» **Exercise brief**
Please restate, word for word, the lines below that begin at the one with "vintage locket with wildflower painting" and end at the one with "Lifted blue and". Leave out all other lines.

━━━━

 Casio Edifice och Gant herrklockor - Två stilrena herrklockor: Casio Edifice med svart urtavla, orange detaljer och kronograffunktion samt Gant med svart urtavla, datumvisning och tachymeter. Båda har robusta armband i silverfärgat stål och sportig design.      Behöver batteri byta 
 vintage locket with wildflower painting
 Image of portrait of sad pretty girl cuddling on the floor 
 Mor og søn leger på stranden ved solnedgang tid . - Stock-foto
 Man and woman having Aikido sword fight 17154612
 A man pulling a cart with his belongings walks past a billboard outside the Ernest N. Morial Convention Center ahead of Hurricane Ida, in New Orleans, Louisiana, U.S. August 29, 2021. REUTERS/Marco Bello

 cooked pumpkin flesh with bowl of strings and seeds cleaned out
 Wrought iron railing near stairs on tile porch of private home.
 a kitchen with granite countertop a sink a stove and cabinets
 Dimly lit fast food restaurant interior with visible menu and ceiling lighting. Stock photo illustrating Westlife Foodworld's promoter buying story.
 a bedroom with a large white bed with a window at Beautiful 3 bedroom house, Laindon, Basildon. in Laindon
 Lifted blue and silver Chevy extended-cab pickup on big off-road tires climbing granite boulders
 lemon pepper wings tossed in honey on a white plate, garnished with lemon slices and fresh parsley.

━━━━

» **Result for this exercise**
 vintage locket with wildflower painting
 Image of portrait of sad pretty girl cuddling on the floor 
 Mor og søn leger på stranden ved solnedgang tid . - Stock-foto
 Man and woman having Aikido sword fight 17154612
 A man pulling a cart with his belongings walks past a billboard outside the Ernest N. Morial Convention Center ahead of Hurricane Ida, in New Orleans, Louisiana, U.S. August 29, 2021. REUTERS/Marco Bello

 cooked pumpkin flesh with bowl of strings and seeds cleaned out
 Wrought iron railing near stairs on tile porch of private home.
 a kitchen with granite countertop a sink a stove and cabinets
 Dimly lit fast food restaurant interior with visible menu and ceiling lighting. Stock photo illustrating Westlife Foodworld's promoter buying story.
 a bedroom with a large white bed with a window at Beautiful 3 bedroom house, Laindon, Basildon. in Laindon
 Lifted blue and silver Chevy extended-cab pickup on big off-road tires climbing granite boulders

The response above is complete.